We are often invited into future dialogue when a quiet recognition grows that future success may require more than continuing what already works.
These are moments when leadership teams begin to explore what new directions and possibilities are opening up, and what this asks of their leadership, team dynamics and capacity to innovate.

The same strategic questions keep returning

The board spends time discussing the future. Conversations are thoughtful and well-informed, yet they rarely seem to open up genuinely new perspectives on what may come next.

A new CEO or Chair steps in

A new CEO or Chair is appointed. Transitions like these often create space for a broader conversation about the future: where new opportunities might come up, whether new directions need to be explored, and what this may ask of leadership in the years ahead.

Growth or investment raises new questions

Periods of rapid growth or a new investment round often raise broader questions about the future.

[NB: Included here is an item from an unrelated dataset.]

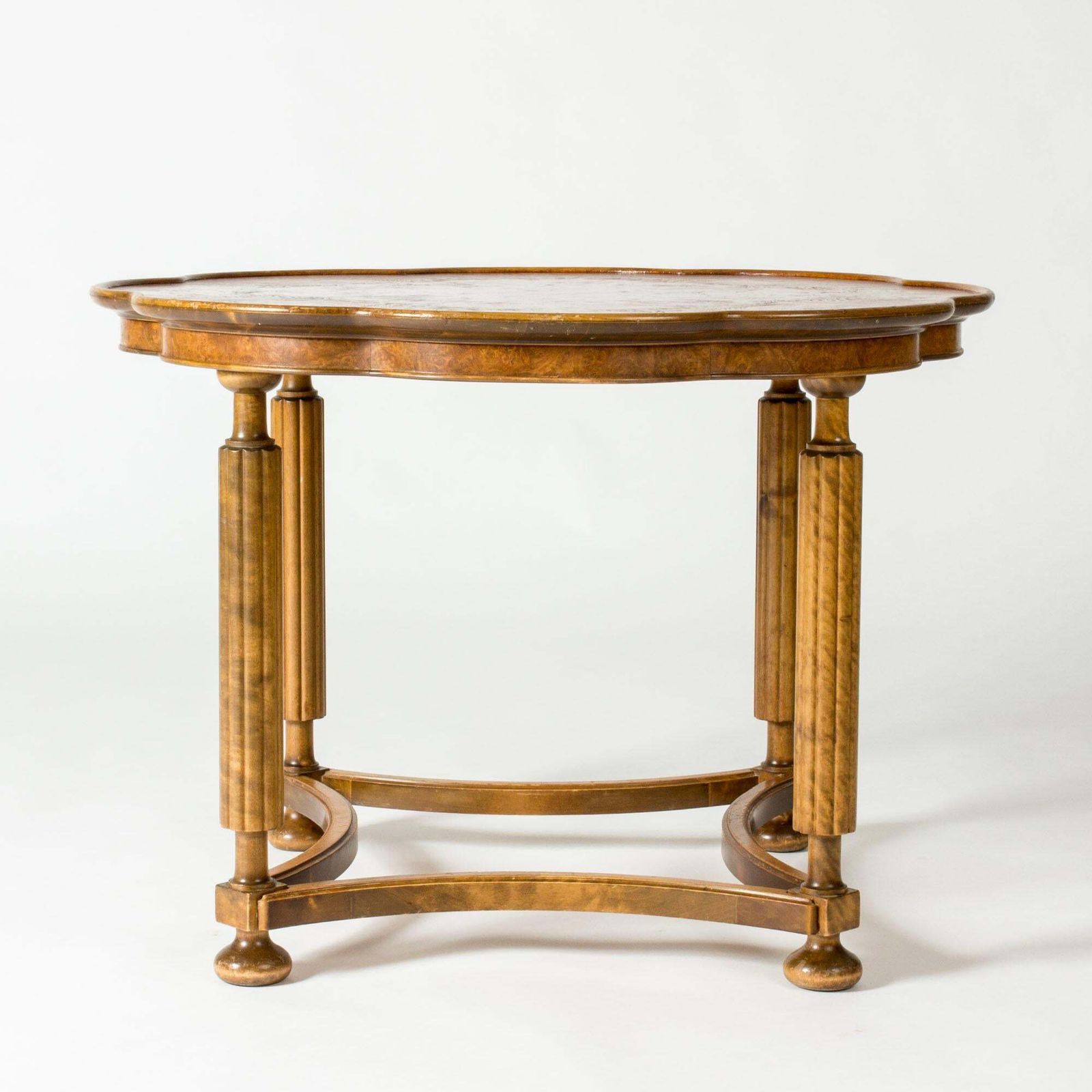Table basse néoclassique suédoise en placage de bouleau et de loupe, Suède, années 1930 photo 6419.0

Leadership teams begin to explore whether they have enough capacity for exploration and transformation alongside operational execution.

A new generation enters the conversation

In family-owned businesses, a new generation steps in. Different perspectives on ambition, risk and time horizon begin to surface, opening up broader conversations about what future success may look like and how the business may need to evolve to stay relevant.

The business context changes

Technological, geopolitical, or societal developments begin to reshape the context in which the business operates. The current strategy may still appear successful, yet leadership teams increasingly recognize that future success may require different perspectives, capabilities, and forms of innovation.

When urgency starts to dominate

Operational priorities increasingly take over the agenda. Space for exploration gradually disappears, until immediate demands begin to shape future direction more than deliberate choices about what comes next.

When urgency dominates the agenda, the future takes shape by default.